The input =
____________________

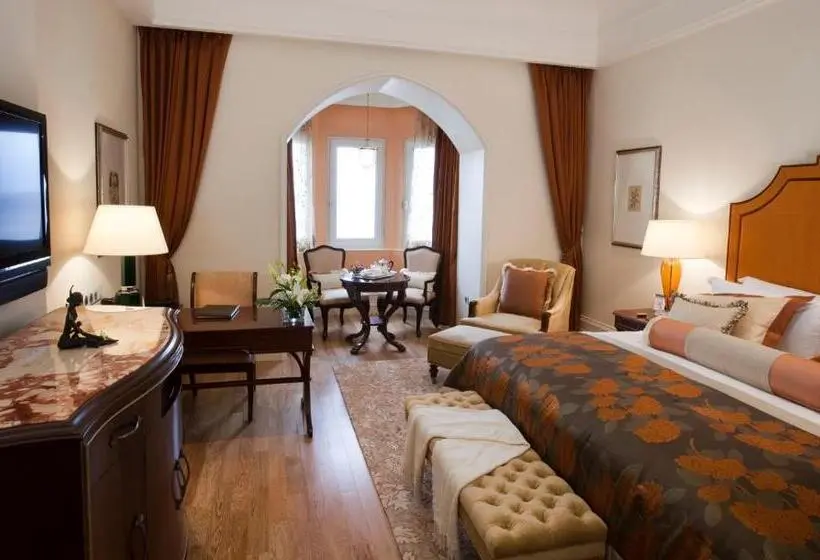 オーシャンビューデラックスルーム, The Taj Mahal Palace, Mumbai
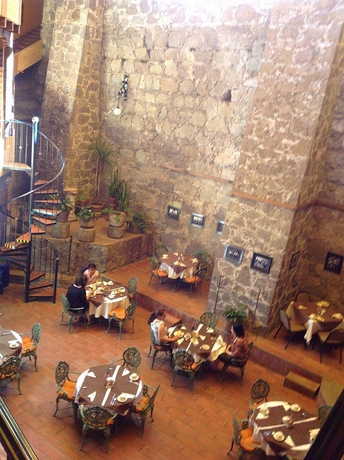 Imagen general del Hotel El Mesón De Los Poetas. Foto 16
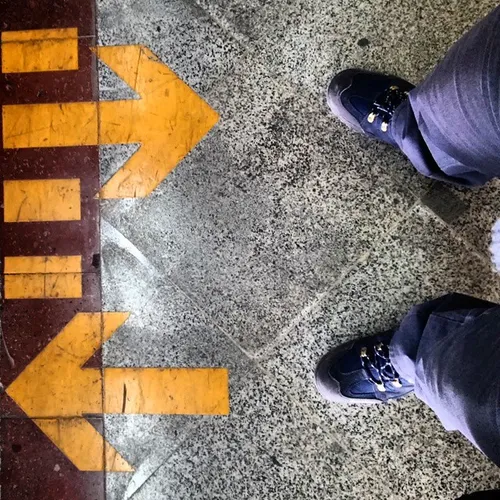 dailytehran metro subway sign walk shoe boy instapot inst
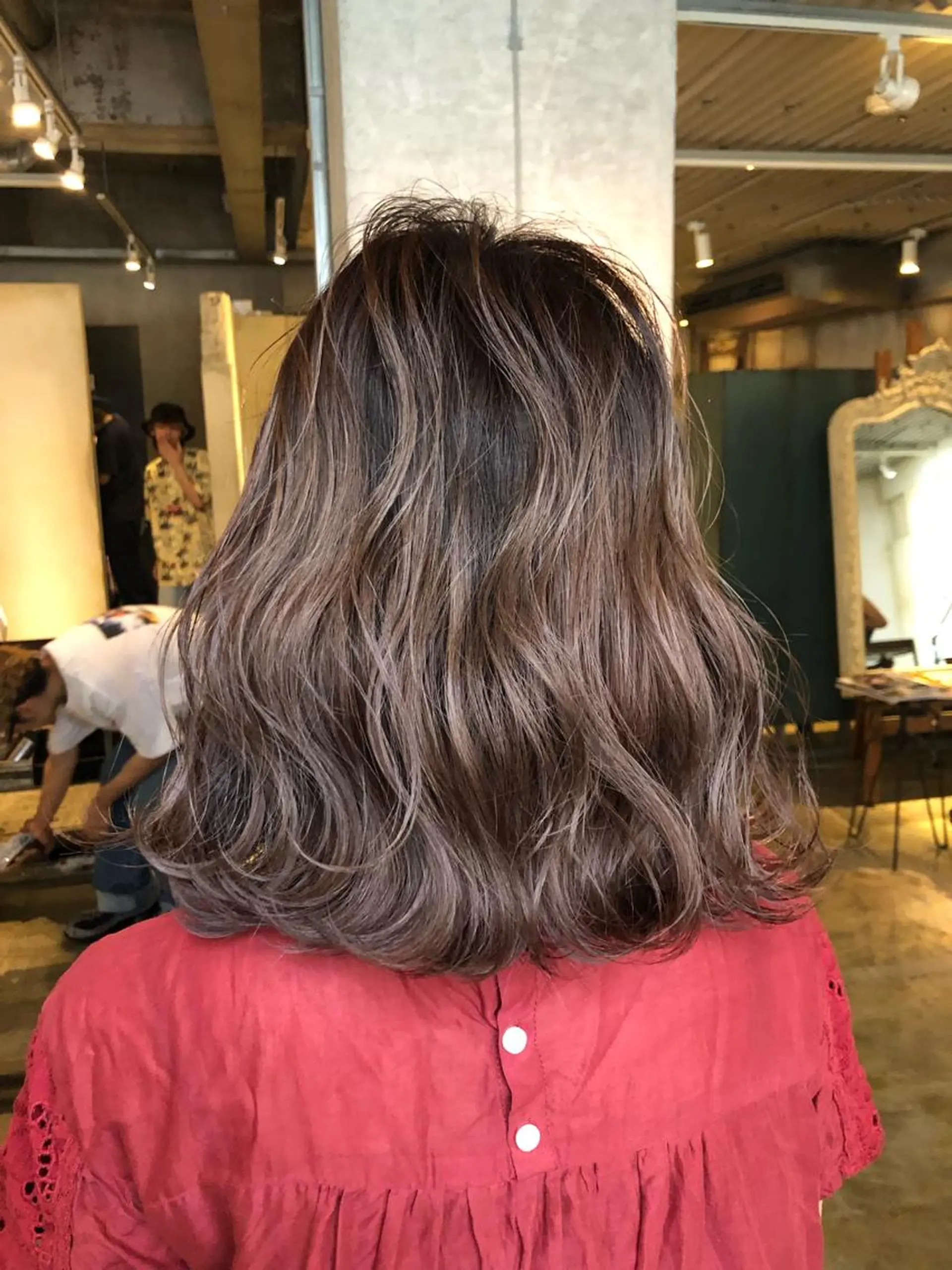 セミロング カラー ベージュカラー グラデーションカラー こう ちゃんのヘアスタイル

____________________

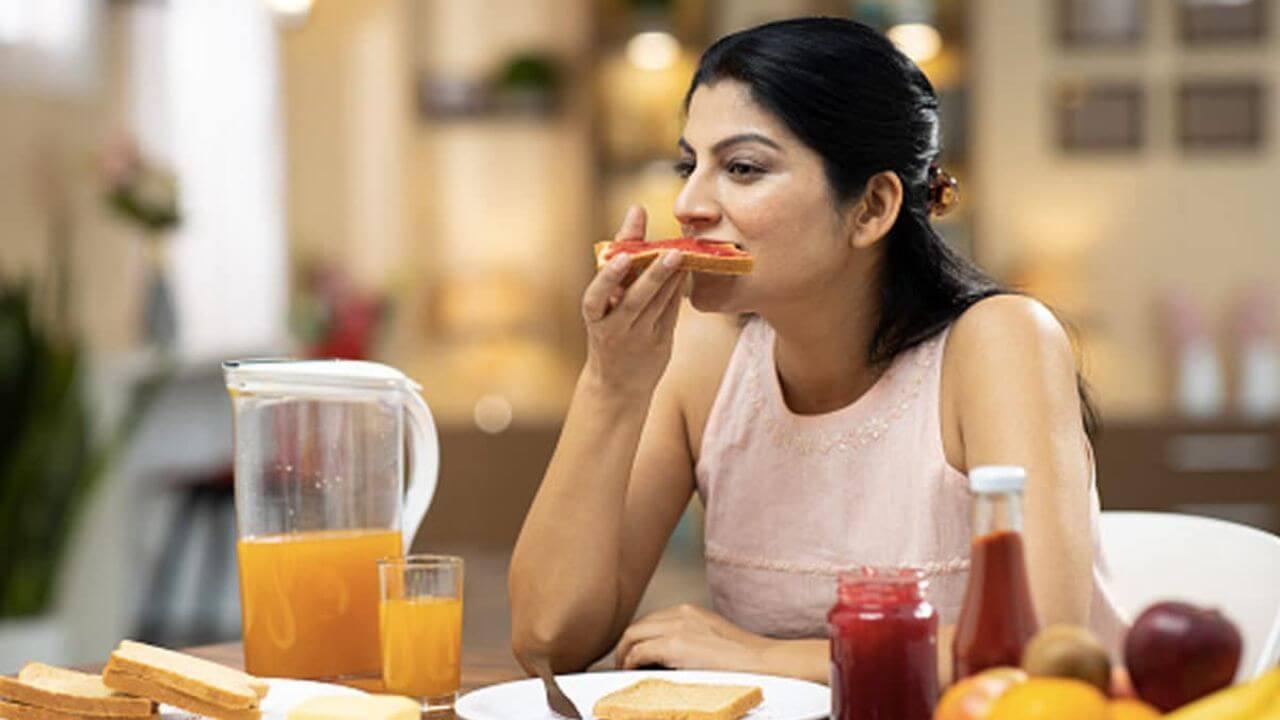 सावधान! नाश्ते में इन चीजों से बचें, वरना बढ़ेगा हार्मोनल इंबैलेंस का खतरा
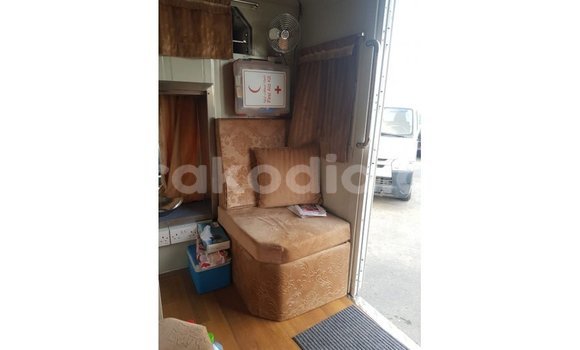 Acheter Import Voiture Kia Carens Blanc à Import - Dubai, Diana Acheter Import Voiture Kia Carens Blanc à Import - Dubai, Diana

____________________

Your task =
Copy word for word only the lines above from the one with "सावधान! नाश्ते में" through the one with "Dubai, Diana Acheter". Leave pictures out.

Result =
 सावधान! नाश्ते में इन चीजों से बचें, वरना बढ़ेगा हार्मोनल इंबैलेंस का खतरा
 Acheter Import Voiture Kia Carens Blanc à Import - Dubai, Diana Acheter Import Voiture Kia Carens Blanc à Import - Dubai, Diana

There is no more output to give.